The Vault at Christchurch
FOR full particulars of the first case the reader is "referred to "West Indian Tales" by Algernon Aspinall, with the explanation that the word "Tales" is not used in the sense of inventions and that the facts are authentic, as is proved by numerous references in the narrative. These facts relate to the singular series of events which happened in connection with the vault at Christchurch near the village of Oistin on the south coast of Barbados.
In the old slave days when rum and sugar were the foundations of many a goodly fortune, things were done on a larger scale in the West Indies, and this burial vault was a very fine one. It was made of great blocks of coral and cement, partly sunk into the earth, for the grave-yard was on an exposed hill, and terrific storms sweep over those latitudes. The entrance was then covered by a huge slab of marble.
Within, the dimensions of the vault were twelve feet by six and a half.
So Cyclopean was the masonry and so remote the site that one would imagine an inmate was almost as secure as a king of Egypt in the heart of his pyramid. A contractor and a gang of skilled workmen would be needed to effect an entrance into so solid a construction.
Little did those who erected it imagine that the whole island would be convulsed by the repeated proofs of its insecurity.
In July, 1807, a Mrs. Goddard was buried therein, and her coffin was found undisturbed in February, 1808, when a child named Mary Chase was laid in a leaden casket beside her. For years the vault was closed, but on July, 1812, it was opened to admit a Miss Dorcas Chase. The horrified workmen found the coffin of the infant standing on its head in a corner. It was supposed that some mischievous and sacrilegious wretch had been guilty of a senseless outrage; so after the coffin was rearranged the great marble slab was once again placed in position, to be opened next month when a Mr. Chase joined the family group within. During the month there seems to have been no disturbance.
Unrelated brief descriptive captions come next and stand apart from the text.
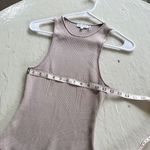 Good American  Angled Rib High Neck Bodysuit Size 3 / US L Photo 12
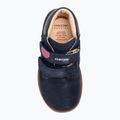 Buty dziecięce Geox Macchia dark navy B164PC 6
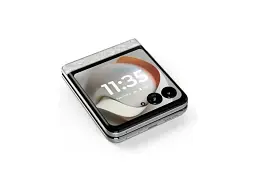 Смартфон Motorola Moto Razr 70 8/256GB Bright White (PBB60008) - мініатюра 6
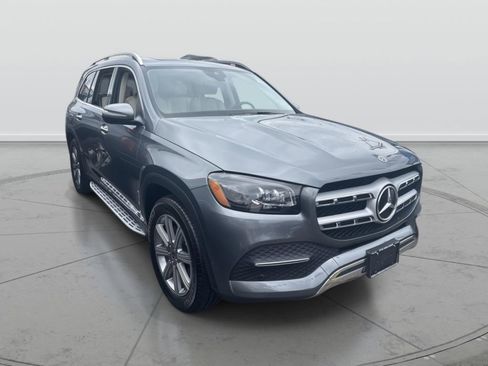 Used 2022 Mercedes-Benz GLS 450 4MATIC image 1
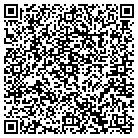 QR code with C & S Hidden Treasures contacts
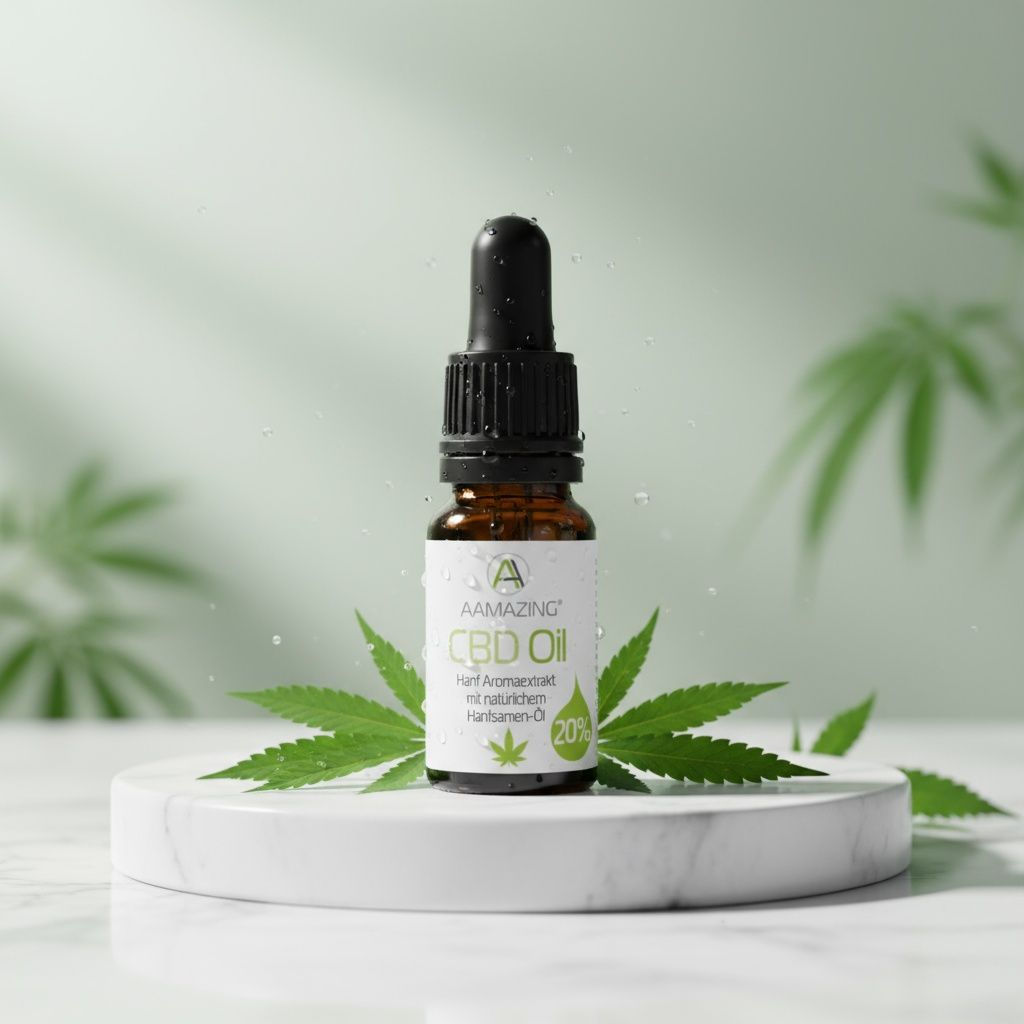 CBD Oil 20%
In September, 1816, four years having elapsed, the vault was opened once more to admit an infant, Samuel Ames. Once again all was in horrible confusion, and the coffins littered across one another. The affair was now becoming a scandal, and the talk of the whole settlement—the whites putting it down to vandalism and the negroes to ghosts. Once again the vault was closed, and once again, two months later, it was opened to admit one Samuel Brewster. Crowds followed the coffin and gathered round the vault when the great slab was pushed aside.
In the short interval everything had again been disarranged, the coffins being abominably mishandled. Mrs. Goddard's coffin, which seems to have been of wood, was broken, but this may have been natural decay. The leaden coffins were scattered at all angles.
Once again they were reverently collected, the wooden coffin was tied up, and the vault secured.
THREE years later, on July 7th, 1819, Miss Clarke was to be buried in the vault. So great was the public excitement that the Governor, Lord Combermere, of Peninsular fame, attended the ceremony with his staff and aides-de-camp. Things were as bad as ever. The wooden coffin was intact, but the others were scattered in all directions. Lord Combermere was so interested that he had the whole structure searched and sounded, but there was no hidden approach or underground passage. It was an insoluble mystery.
The coffins were rearranged, and the floor carefully sanded, so that footsteps would be revealed. The door was cemented up, which seems to have been done on each occasion, but this time the Governor affixed his own particular seal. The British Government had officially entered the lists against the powers of darkness.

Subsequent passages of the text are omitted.